Biographical details
- Born: January 1, 1880 Milford, Illinois, U.S.
- Died: July 5, 1944 (aged 64) Manitowish Waters, Wisconsin, U.S.

Playing career

Football
- 1900: Illinois
- 1902–1904: Illinois

Baseball
- 1904–1905: Illinois
- 1905: Washington Senators
- Positions: End (football) Right fielder (baseball)

Coaching career (HC unless noted)

Football
- 1906–1909: Colorado Agricultural
- 1910–1918: Colorado College
- 1922: Illinois (ends)
- 1925: Texas A&M (assistant)
- 1927: Rice (line)
- 1928: Rice

Basketball
- 1905–1908: Colorado Agricultural
- 1909–1910: Colorado Agricultural
- 1915–1919: Colorado College

Baseball
- 1908–1909: Colorado Agricultural
- 1925–1927: Texas A&M

Administrative career (AD unless noted)
- 1906–1910: Colorado Agricultural

Head coaching record
- Overall: 46–36–3 (football) 34–12 (basketball) 38–23–2 (baseball)

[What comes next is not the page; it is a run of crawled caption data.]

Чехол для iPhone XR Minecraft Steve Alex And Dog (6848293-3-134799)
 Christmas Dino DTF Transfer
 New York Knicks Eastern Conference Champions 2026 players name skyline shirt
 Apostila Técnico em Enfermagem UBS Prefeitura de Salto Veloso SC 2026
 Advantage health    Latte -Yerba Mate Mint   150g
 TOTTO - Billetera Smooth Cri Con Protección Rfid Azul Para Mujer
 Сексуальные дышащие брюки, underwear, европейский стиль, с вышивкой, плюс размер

Accomplishments and honors

Championships
- Football RMC (1910)

Awards
- Football Third-team All-American (1904); First-team All-Western (1904);

= Claude Rothgeb =

American athlete and coach (1880–1944)

Claude James Rothgeb (January 1, 1880 – July 5, 1944) was an American football, basketball, baseball player, and coach. He served as the head football coach at the Agricultural College of Colorado, now Colorado State University, from 1906 to 1909, at Colorado College from 1910 to 1918, and at Rice University in 1928, compiling a career college football record of 47–36–3. Rothgeb played football and basketball and ran track at the University of Illinois at Urbana–Champaign, from which he graduated in 1905. He played for Major League Baseball's Washington Senators in 1905.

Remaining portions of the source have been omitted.